Para onde foi Deus?, exclamou… vou lhes dizer! Nós o matamos, vocês e eu! Somos nós os seus assassinos! Mas como fizemos isso? Como conseguimos esvaziar o mar? Quem nos deu uma esponja para apagar o horizonte inteiro? Que fizemos quando desatamos esta terra do seu Sol? Para onde vai ela agora? Para onde vamos nós mesmos? Para longe de todos os sóis? Não estamos incessantemente a cair? Para diante, para trás, para os lados, em todas as direções? Haverá ainda um “em cima” e um “embaixo”? Não estamos errando através de um vazio infinito? Não sentimos na face o sopro do vazio? Não se tornou ele mais frio? Não anoitece eternamente? Não será preciso acender os candeeiros logo de manhã? Não ouvimos ainda o barulho dos coveiros que enterram Deus? Ainda não sentimos o cheiro da decomposição divina?… Os deuses também apodrecem! Deus morreu! Deus continua morto! E nós o matamos! Como havemos de nos consolar, nós, assassinos entre os assassinos! O que o mundo possuía de mais sagrado e de mais poderoso até hoje sangrou sob o nosso punhal; quem nos limpará este sangue? Que água nos poderá lavar? Que expiações, que jogo sagrado seremos forçados a inventar? […]

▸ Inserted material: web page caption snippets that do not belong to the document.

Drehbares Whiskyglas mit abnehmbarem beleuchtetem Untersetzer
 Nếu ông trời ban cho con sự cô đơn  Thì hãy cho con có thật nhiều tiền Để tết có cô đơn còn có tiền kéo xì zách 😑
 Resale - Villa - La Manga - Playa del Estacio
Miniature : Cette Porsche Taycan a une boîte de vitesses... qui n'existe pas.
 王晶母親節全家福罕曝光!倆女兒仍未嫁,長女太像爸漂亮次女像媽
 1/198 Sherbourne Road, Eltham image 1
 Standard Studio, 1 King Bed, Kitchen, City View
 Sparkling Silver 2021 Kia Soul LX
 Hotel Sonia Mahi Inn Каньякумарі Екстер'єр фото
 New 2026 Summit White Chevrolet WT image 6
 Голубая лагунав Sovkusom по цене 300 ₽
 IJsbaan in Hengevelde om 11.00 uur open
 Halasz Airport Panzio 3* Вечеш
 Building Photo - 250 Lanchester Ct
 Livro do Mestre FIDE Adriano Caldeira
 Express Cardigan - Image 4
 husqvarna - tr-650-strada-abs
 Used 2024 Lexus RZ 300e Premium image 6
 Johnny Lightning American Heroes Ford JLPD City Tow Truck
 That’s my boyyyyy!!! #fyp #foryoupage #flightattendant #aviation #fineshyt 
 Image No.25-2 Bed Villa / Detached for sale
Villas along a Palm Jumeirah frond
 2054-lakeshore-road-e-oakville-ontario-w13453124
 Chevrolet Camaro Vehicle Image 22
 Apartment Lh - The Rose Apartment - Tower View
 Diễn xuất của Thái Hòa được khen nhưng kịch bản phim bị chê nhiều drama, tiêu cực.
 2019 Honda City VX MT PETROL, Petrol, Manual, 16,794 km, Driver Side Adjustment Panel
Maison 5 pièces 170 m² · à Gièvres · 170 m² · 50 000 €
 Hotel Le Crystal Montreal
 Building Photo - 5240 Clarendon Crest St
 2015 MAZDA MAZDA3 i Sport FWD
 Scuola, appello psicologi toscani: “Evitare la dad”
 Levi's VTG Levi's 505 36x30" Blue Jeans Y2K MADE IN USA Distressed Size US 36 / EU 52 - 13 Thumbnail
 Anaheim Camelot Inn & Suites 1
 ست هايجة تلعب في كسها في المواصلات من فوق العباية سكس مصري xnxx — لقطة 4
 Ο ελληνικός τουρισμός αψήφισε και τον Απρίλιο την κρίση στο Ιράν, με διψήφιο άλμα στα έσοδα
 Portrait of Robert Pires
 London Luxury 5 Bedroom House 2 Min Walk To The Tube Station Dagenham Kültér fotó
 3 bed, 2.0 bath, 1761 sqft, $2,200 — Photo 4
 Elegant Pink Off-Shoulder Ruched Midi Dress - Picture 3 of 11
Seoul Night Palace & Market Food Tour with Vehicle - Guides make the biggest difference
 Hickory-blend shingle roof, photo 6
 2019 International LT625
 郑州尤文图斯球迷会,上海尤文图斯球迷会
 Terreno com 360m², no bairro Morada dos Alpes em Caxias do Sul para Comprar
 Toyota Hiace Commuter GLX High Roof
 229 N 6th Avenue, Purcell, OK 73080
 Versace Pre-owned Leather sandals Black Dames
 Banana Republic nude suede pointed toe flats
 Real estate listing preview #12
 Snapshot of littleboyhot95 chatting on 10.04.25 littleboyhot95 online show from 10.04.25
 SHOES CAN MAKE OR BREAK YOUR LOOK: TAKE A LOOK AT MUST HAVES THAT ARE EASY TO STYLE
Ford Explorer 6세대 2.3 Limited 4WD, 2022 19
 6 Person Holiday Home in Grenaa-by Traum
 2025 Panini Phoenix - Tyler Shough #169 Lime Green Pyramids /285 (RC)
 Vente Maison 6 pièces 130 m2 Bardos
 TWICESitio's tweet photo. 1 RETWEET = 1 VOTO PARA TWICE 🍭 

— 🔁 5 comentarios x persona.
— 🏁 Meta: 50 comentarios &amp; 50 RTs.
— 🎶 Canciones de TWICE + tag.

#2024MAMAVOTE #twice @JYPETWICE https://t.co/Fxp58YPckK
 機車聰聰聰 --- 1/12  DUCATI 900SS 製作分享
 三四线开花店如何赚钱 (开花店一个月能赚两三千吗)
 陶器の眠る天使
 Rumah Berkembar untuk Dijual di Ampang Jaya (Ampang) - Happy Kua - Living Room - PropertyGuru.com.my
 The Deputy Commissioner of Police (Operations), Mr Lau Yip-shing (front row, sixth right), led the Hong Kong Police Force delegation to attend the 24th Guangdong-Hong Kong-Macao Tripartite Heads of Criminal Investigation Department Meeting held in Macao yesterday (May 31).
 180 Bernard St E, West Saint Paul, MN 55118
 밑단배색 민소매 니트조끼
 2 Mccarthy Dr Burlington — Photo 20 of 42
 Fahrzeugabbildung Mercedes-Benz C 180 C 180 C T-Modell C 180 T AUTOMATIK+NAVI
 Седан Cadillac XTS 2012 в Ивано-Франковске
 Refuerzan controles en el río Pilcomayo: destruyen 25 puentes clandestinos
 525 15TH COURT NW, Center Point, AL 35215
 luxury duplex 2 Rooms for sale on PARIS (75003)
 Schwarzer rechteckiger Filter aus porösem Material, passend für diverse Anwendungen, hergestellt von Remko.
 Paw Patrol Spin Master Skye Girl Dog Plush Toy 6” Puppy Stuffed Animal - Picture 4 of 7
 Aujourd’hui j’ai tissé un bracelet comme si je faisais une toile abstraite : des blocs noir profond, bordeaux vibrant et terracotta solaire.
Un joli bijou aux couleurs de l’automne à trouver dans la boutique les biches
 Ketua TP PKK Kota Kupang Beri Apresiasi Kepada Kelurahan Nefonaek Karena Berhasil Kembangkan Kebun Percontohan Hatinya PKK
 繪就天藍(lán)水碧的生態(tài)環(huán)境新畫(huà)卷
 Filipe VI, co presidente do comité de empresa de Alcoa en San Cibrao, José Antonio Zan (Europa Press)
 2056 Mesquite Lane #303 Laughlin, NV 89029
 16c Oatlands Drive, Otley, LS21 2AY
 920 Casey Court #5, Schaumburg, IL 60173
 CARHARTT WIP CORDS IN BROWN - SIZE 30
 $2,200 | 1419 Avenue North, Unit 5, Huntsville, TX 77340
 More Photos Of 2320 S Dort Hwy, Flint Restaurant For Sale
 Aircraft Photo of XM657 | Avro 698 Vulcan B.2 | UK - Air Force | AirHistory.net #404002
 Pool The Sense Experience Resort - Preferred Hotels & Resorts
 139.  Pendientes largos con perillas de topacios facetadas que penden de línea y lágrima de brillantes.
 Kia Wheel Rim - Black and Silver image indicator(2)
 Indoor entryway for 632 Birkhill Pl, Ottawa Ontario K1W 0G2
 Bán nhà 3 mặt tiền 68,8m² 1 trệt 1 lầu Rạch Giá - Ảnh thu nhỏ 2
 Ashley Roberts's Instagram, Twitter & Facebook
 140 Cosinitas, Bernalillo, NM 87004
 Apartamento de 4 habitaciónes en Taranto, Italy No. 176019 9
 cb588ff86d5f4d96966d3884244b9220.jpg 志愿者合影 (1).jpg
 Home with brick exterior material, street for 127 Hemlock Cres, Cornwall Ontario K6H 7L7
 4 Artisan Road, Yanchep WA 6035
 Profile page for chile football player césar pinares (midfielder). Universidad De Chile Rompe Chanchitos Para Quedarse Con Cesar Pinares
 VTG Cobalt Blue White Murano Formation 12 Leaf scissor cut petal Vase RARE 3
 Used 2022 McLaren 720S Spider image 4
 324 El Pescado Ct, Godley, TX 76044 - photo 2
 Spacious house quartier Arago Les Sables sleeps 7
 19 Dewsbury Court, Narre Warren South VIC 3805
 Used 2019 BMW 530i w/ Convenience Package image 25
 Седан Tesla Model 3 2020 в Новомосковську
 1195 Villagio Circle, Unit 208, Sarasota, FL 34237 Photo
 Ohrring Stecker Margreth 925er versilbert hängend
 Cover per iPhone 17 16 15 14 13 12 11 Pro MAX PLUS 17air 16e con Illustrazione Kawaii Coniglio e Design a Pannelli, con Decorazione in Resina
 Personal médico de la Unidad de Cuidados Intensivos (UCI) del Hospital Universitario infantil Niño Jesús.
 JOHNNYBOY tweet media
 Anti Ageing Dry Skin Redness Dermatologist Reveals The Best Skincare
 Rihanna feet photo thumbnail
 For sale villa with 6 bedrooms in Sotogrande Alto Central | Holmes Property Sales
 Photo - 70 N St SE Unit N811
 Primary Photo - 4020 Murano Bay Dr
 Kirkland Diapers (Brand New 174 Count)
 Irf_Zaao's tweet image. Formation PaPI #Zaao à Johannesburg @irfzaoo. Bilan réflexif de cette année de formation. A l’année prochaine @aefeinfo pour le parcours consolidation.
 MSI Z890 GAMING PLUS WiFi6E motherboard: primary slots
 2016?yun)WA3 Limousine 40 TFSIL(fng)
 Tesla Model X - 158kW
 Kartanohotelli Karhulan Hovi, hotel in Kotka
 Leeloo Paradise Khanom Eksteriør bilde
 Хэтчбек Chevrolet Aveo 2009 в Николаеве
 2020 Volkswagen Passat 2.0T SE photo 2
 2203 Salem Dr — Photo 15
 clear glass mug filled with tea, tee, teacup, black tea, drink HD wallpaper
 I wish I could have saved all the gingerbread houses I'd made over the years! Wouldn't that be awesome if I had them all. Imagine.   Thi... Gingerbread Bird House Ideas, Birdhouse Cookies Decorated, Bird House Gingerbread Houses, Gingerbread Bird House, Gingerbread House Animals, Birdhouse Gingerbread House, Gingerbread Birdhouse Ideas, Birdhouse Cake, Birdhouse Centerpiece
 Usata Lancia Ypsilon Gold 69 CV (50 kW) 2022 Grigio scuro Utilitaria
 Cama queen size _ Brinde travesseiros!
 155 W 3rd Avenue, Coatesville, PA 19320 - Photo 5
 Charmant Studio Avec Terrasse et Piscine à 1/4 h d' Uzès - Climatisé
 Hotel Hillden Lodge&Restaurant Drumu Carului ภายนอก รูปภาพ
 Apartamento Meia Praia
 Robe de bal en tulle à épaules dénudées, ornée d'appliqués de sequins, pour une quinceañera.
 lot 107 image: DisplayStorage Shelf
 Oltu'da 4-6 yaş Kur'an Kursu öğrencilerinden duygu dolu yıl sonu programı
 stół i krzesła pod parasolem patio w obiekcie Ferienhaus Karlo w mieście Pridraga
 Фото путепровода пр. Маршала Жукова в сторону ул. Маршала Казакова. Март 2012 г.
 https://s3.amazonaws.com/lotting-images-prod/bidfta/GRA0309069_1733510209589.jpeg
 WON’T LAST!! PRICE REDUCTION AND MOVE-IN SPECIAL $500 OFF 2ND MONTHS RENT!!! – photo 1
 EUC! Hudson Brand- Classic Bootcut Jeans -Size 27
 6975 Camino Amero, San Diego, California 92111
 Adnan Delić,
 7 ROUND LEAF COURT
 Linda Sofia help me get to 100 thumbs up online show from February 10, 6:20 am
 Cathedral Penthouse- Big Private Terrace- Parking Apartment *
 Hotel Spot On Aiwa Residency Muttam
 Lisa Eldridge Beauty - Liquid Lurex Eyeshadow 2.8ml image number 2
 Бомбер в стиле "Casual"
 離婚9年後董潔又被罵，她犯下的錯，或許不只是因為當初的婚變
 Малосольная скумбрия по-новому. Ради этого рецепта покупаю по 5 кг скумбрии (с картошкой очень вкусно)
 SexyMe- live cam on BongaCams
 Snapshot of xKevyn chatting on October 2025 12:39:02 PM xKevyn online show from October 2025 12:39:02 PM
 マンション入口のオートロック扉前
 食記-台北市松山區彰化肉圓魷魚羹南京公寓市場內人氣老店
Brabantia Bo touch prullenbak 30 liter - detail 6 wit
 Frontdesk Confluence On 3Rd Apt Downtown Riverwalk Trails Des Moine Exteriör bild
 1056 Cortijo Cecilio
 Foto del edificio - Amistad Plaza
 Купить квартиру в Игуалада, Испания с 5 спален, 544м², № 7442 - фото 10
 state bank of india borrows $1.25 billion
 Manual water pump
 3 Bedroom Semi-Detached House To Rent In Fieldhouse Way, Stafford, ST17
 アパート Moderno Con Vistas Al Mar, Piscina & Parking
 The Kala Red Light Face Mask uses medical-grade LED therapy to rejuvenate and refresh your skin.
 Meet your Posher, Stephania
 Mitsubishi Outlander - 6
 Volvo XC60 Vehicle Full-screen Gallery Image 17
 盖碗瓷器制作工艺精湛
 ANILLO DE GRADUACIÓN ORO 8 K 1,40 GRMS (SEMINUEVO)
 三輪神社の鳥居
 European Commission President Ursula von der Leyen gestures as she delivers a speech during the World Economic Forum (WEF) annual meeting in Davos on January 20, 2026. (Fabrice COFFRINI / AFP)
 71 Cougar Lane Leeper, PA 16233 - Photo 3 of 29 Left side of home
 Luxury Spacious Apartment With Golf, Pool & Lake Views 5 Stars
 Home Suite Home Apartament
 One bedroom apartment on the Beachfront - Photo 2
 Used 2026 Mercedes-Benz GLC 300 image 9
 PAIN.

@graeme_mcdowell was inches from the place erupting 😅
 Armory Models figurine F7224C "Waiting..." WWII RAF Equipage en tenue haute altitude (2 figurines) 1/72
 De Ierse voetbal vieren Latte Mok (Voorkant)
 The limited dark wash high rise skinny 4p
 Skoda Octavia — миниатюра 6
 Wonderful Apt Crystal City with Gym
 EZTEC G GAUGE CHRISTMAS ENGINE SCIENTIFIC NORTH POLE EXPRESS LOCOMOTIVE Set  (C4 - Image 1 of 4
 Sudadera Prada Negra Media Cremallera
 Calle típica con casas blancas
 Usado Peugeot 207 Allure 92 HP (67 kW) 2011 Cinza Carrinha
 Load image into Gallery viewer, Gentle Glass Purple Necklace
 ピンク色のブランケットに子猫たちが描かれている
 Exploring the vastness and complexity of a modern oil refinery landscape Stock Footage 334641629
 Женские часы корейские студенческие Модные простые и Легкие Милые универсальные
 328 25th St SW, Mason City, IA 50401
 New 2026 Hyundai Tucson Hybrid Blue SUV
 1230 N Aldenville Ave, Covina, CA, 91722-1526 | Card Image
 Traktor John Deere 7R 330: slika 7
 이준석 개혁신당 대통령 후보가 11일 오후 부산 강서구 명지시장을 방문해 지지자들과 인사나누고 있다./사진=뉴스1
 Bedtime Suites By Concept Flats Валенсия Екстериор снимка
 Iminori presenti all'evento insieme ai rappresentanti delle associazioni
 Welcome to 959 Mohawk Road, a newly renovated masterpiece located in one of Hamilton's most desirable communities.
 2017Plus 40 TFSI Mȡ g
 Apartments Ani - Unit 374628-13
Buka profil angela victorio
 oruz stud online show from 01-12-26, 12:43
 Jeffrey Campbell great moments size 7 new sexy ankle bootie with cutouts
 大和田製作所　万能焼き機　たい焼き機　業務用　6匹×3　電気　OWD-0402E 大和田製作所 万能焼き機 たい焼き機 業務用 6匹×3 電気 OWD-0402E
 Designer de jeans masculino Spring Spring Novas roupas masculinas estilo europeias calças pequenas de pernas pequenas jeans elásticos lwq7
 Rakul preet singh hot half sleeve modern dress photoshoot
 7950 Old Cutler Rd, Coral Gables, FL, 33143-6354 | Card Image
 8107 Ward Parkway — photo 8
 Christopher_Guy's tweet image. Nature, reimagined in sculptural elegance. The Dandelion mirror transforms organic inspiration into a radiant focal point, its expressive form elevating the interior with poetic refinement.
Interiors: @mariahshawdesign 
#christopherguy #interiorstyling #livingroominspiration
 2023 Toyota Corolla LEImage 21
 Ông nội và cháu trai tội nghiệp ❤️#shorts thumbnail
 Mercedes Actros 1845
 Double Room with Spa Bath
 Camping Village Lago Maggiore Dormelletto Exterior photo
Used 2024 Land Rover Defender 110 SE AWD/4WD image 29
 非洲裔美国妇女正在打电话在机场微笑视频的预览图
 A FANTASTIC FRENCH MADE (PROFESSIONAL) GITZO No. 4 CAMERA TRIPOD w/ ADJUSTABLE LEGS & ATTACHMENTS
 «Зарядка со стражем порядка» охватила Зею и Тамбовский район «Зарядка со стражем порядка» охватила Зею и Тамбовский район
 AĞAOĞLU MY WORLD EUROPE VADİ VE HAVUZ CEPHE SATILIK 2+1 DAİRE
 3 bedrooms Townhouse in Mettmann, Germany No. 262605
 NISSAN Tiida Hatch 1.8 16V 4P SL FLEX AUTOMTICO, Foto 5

A oração foi criada para pessoas que nunca tiveram pensamentos próprios e que ignoram o que é a elevação da alma ou a experimentam sem dela se darem conta: que devem fazer essas pessoas nos lugares santos e nas circunstâncias importantes da vida que exigem repouso e uma espécie de dignidade? Para impedir pelo menos que elas incomodem, os fundadores de religiões, grandes ou pequenos, lhes recomendaram na sua sageza a fórmula da oração: longo trabalho mecânico dos lábios, aliado a um esforço de memória e a uma posição determinada das mãos, dos pés e do olhar! […]
[…] O que são estas igrejas senão túmulos e monumentos fúnebres de Deus?